(DATASET EXCERPTS)

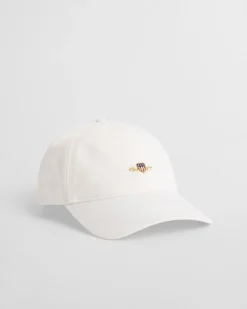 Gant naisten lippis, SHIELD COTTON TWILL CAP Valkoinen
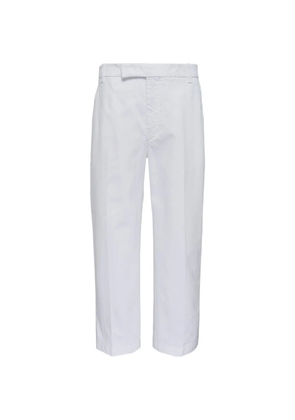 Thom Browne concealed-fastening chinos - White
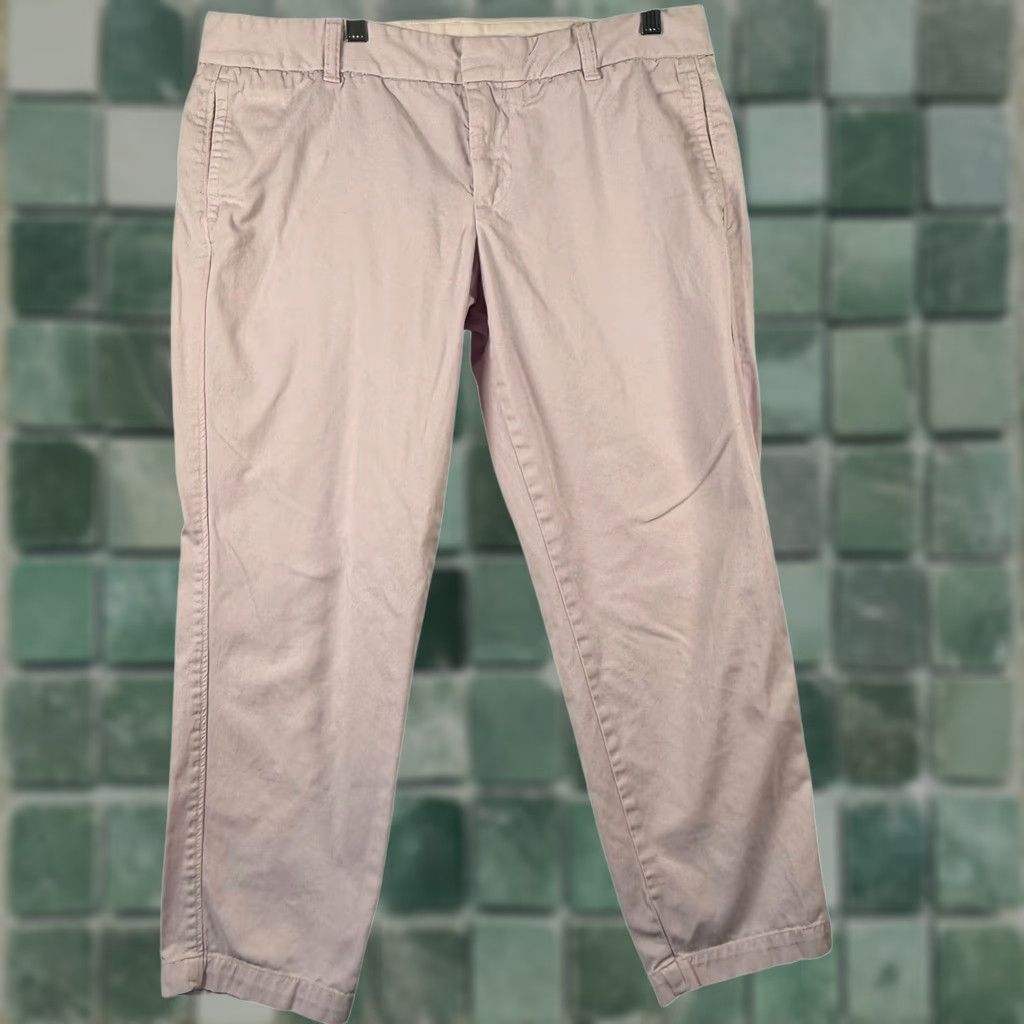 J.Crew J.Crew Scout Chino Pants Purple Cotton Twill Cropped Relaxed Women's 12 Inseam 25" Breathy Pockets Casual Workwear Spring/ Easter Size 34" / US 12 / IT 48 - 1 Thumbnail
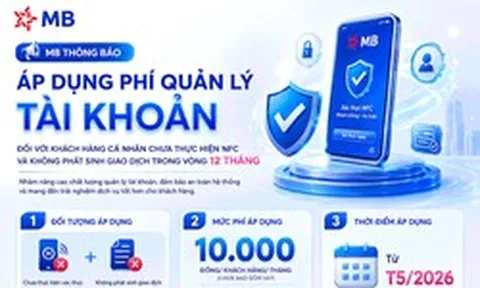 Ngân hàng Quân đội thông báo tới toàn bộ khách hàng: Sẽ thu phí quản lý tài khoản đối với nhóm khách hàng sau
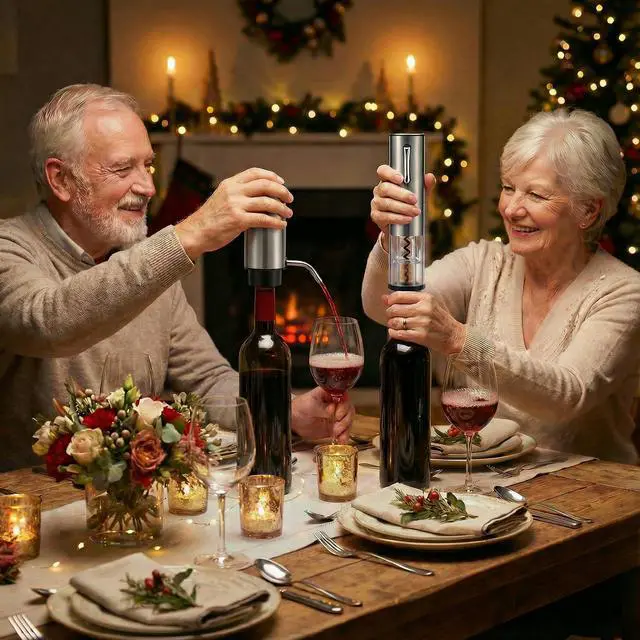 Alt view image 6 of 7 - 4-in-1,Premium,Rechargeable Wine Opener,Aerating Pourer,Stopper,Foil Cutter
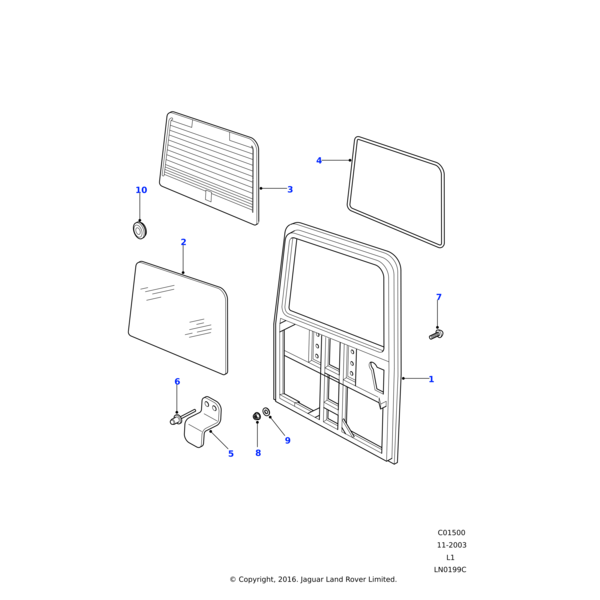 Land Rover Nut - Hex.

(End DATASET EXCERPTS)

## WORK TO COMPLETE
All the records above must be retyped exactly, except for their pictures.

## RESPONSE BELOW
 Gant naisten lippis, SHIELD COTTON TWILL CAP Valkoinen
 Thom Browne concealed-fastening chinos - White
 J.Crew J.Crew Scout Chino Pants Purple Cotton Twill Cropped Relaxed Women's 12 Inseam 25" Breathy Pockets Casual Workwear Spring/ Easter Size 34" / US 12 / IT 48 - 1 Thumbnail
 Ngân hàng Quân đội thông báo tới toàn bộ khách hàng: Sẽ thu phí quản lý tài khoản đối với nhóm khách hàng sau
 Alt view image 6 of 7 - 4-in-1,Premium,Rechargeable Wine Opener,Aerating Pourer,Stopper,Foil Cutter
 Land Rover Nut - Hex.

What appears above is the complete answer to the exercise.